No puede separarse la ofensiva lanzada por las fuerzas de la OTAN en las últimas semanas en Libia, con lo que está pasando en el resto del mundo. No será la primera ni la última vez que el imperialismo intente con la guerra resolver sus acuciantes problemas. Si no estuviéramos hablando de la muerte y la destrucción que trae aparejada la aventura militar en ese país del África, parecería que estamos ante una enorme operación propagandística que solamente persigue tapar los efectos de la irresoluble crisis que está atravesando el imperialismo mundial.
Además del petróleo, las fuerzas militares de las potencias imperialistas buscan asegurarse el establecimiento de sus fuerzas en una región del planeta convulsionada al extremo que, con los sucesos en Egipto y Túnez, cambiaron el mapa geopolítico de toda esa zona. Gadafi ya es historia, pero la Historia no se termina. Lo que sigue es una nueva experiencia de empantanamiento político y militar de las fuerzas de ocupación, tal como sucedió en Irak y Afganistán.

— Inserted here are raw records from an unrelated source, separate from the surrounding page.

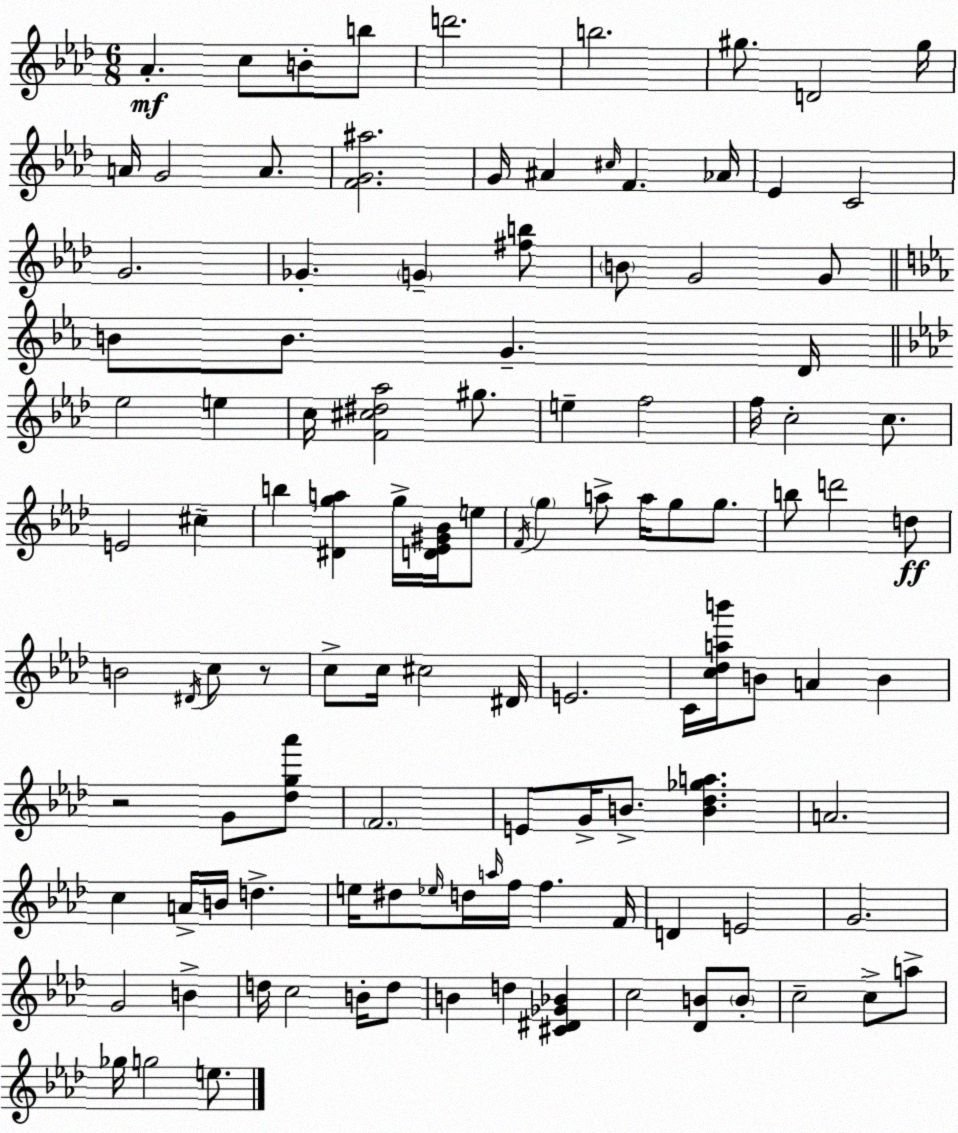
X:1
T:Untitled
M:6/8
L:1/4
K:Ab
_A c/2 B/2 b/2 d'2 b2 ^g/2 D2 ^g/4 A/4 G2 A/2 [FG^a]2 G/4 ^A ^c/4 F _A/4 _E C2 G2 _G G [^fb]/2 B/2 G2 G/2 B/2 B/2 G D/4 _e2 e c/4 [F^c^d_a]2 ^g/2 e f2 f/4 c2 c/2 E2 ^c b [^Dga] g/4 [D_E^G_B]/4 e/2 F/4 g a/2 a/4 g/2 g/2 b/2 d'2 d/2 B2 ^D/4 c/2 z/2 c/2 c/4 ^c2 ^D/4 E2 C/4 [c_dab']/4 B/2 A B z2 G/2 [_dg_a']/2 F2 E/2 G/4 B/2 [B_d_ga] A2 c A/4 B/4 d e/4 ^d/2 _e/4 d/4 a/4 f/4 f F/4 D E2 G2 G2 B d/4 c2 B/4 d/2 B d [^C^D_G_B] c2 [_DB]/2 B/2 c2 c/2 a/2 _g/4 g2 e/2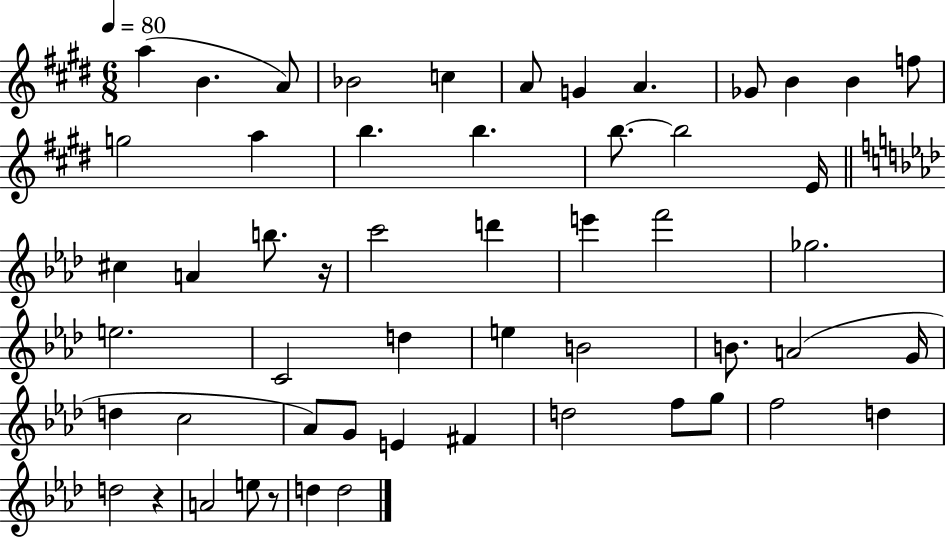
{
  \clef treble
  \numericTimeSignature
  \time 6/8
  \key e \major
  \tempo 4 = 80
  \repeat volta 2 { a''4( b'4. a'8) | bes'2 c''4 | a'8 g'4 a'4. | ges'8 b'4 b'4 f''8 | \break g''2 a''4 | b''4. b''4. | b''8.~~ b''2 e'16 | \bar "||" \break \key f \minor cis''4 a'4 b''8. r16 | c'''2 d'''4 | e'''4 f'''2 | ges''2. | \break e''2. | c'2 d''4 | e''4 b'2 | b'8. a'2( g'16 | \break d''4 c''2 | aes'8) g'8 e'4 fis'4 | d''2 f''8 g''8 | f''2 d''4 | \break d''2 r4 | a'2 e''8 r8 | d''4 d''2 | } \bar "|."
}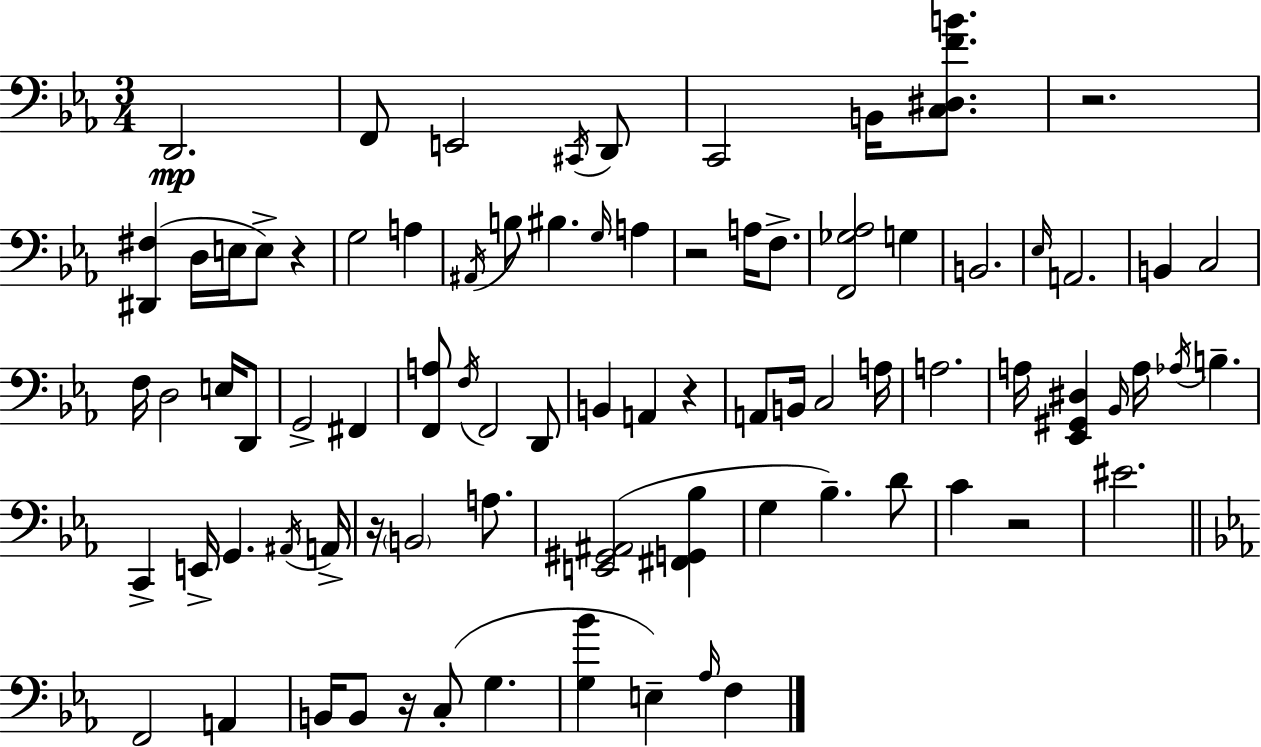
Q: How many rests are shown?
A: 7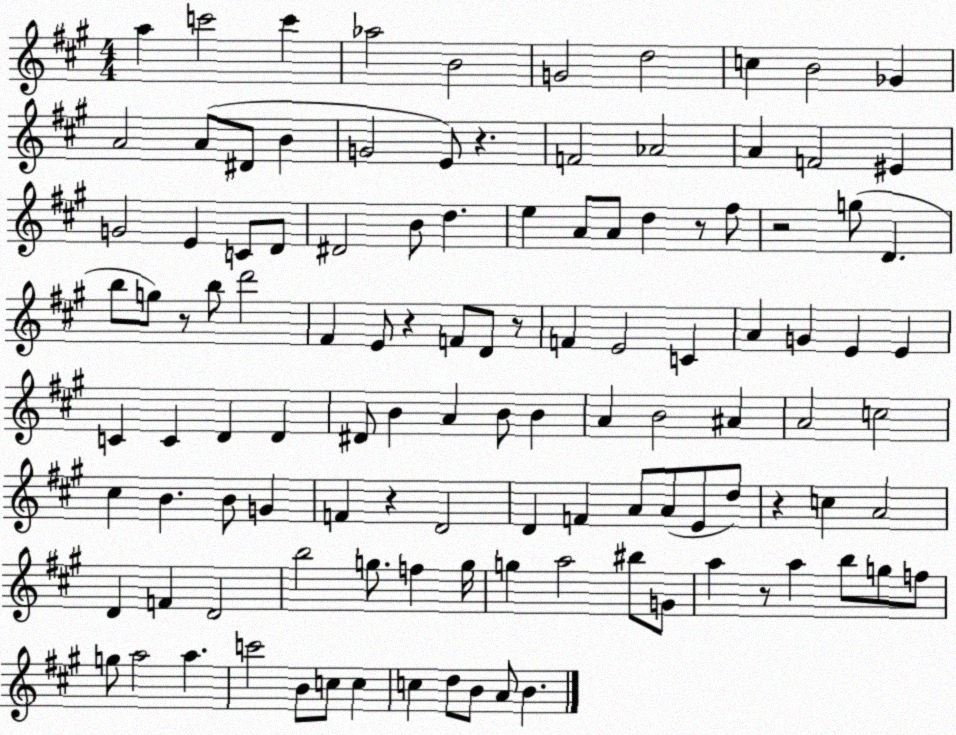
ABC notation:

X:1
T:Untitled
M:4/4
L:1/4
K:A
a c'2 c' _a2 B2 G2 d2 c B2 _G A2 A/2 ^D/2 B G2 E/2 z F2 _A2 A F2 ^E G2 E C/2 D/2 ^D2 B/2 d e A/2 A/2 d z/2 ^f/2 z2 g/2 D b/2 g/2 z/2 b/2 d'2 ^F E/2 z F/2 D/2 z/2 F E2 C A G E E C C D D ^D/2 B A B/2 B A B2 ^A A2 c2 ^c B B/2 G F z D2 D F A/2 A/2 E/2 d/2 z c A2 D F D2 b2 g/2 f g/4 g a2 ^b/2 G/2 a z/2 a b/2 g/2 f/2 g/2 a2 a c'2 B/2 c/2 c c d/2 B/2 A/2 B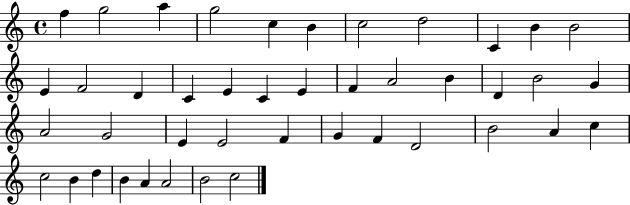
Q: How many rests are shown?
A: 0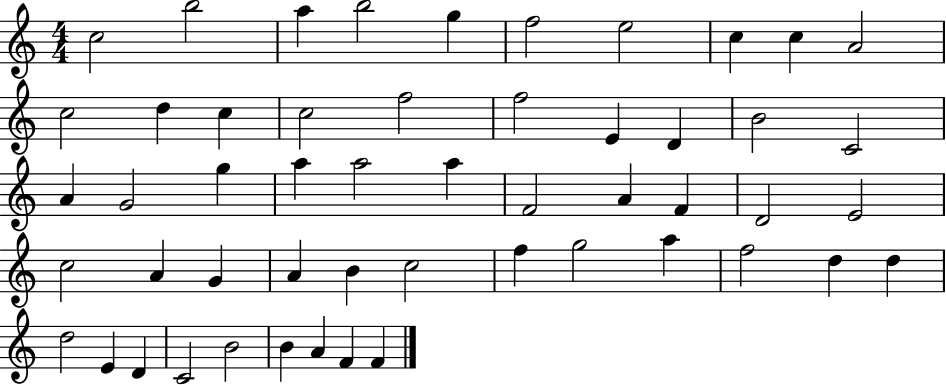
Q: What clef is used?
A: treble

Ni el pueblo libio, ni los demás pueblos de la región, ni tampoco los pueblos de los países ocupantes, son convidados de piedra en todo este proceso. Allí está el verdadero problema de la burguesía mundial. Sus discursos a favor de la paz y la democracia, más que letra muerta, son nuevo combustible que alimenta la indignación y el odio a esa clase. La lucha de clases condiciona toda iniciativa que quieran llevar adelante y ese es su principal problema político que ninguna guerra, ni ningún discurso, es capaz de frenar.